Ogundipe explained that between 2015 and 2022, the university had retained 256 first-class graduates as lecturers. However, as of October 2023, only 17 of them remained in the institution’s employment, with the majority leaving Nigeria in search of better opportunities.
“At UNILAG, we decided that those with first-class honours should be employed. What is remaining is not up to 10 per cent. All of them have gone,” Ogundipe lamented. He further revealed that in 2015, 86 were recruited; in 2016, another 82; and during his tenure between 2017 and 2022, 88 were employed. “As of October 2023, only 17 were on the ground. They have gone,” he added.
He attributed the exodus to poor salaries, lack of research support, and poor welfare conditions. According to him, unless something urgent is done, Nigeria’s universities risk being dominated by women in the next decade, as many male lecturers are leaving the system in large numbers.
Ogundipe also warned that the quality of postgraduate students would decline if the government failed to act. “The calibre of people who will come for postgraduate studies will be people who are not supposed to come,” he said, hinting at declining academic standards.
He lamented the chronic underfunding of Nigeria’s education sector, noting that federal and state allocations to education have consistently fallen below the UNESCO recommended benchmark of 15 to 26 per cent. In most cases, he said, the allocation hovers between 4.5 and 7.5 per cent of the national budget.
The former vice-chancellor called for legislation mandating that each first-generation university should receive at least ₦1 billion annually to tackle infrastructural decay. He stressed that without such guaranteed funding, universities would continue to rely heavily on Internally Generated Revenue (IGR), which should instead be directed towards research and innovation.
Ogundipe, who currently serves as Pro-Chancellor of Redeemer’s University, Ede, Osun State, bemoaned the state of infrastructure, technology, and digital facilities in Nigerian universities. He said most were overstretched, outdated, or completely unavailable, leaving both staff and students frustrated.
He also urged policymakers to embrace innovative funding models for education.
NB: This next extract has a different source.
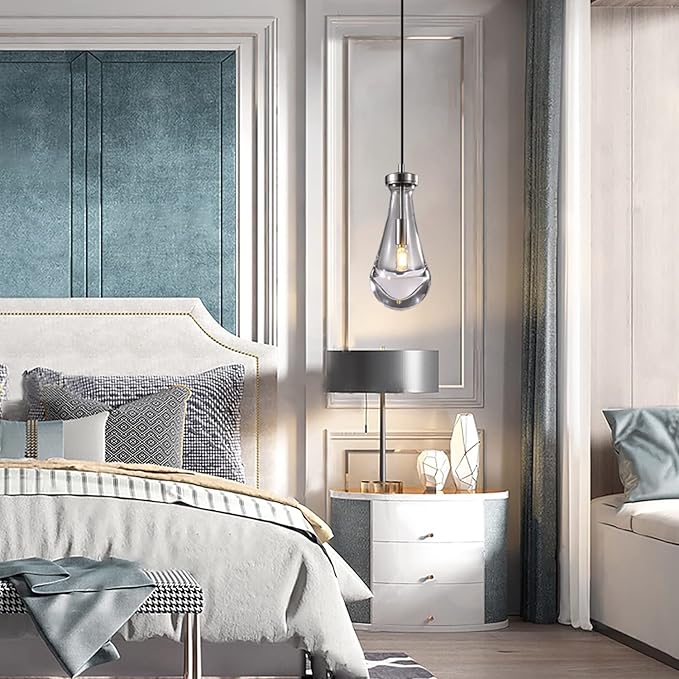 Raindrop Pendant Lights Set of Three, Nickel Pendant Lights Kitchen Island, Indoor Pendant Lighting, Pendant Light Fixtures, Island Light for Kitchen Bedroom Bathroom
Citing UNESCO’s recommendation, he suggested strategies such as public-private partnerships, alumni endowments, philanthropy, education bonds, and leveraging Nigeria’s large diaspora population for targeted investments.
“Innovative mechanisms for education,” Ogundipe said, “include shared risk/reward models for infrastructure, investors repaid only if outcomes are achieved, risk capital for EdTech, debt swaps for education, and corporate donations tied to measurable outcomes.”
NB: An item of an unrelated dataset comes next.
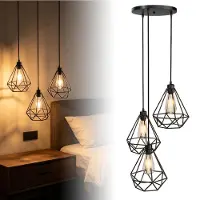 VA-Cerulean Lámpara colgante de 3 luces, con base redonda, diseño vintage y rejilla. Lámpara colgante negra, con altura ajustable e incluye bombilla E27, ideal para comedor o salón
He also appealed to the private sector to see investment in education not just as corporate social responsibility but as enlightened self-interest. “The private sector should invest in infrastructure, people, curricula, and research that will build the workforce and markets of tomorrow,” he noted.
In his closing remarks, Ogundipe called on alumni, civil society, faith-based groups, donor agencies, and ordinary Nigerians to see education as a sacred trust. “Our fingerprints, our footprints, our names should be found in the library buildings, the digital labs, the scholarships, and the lives changed,” he concluded.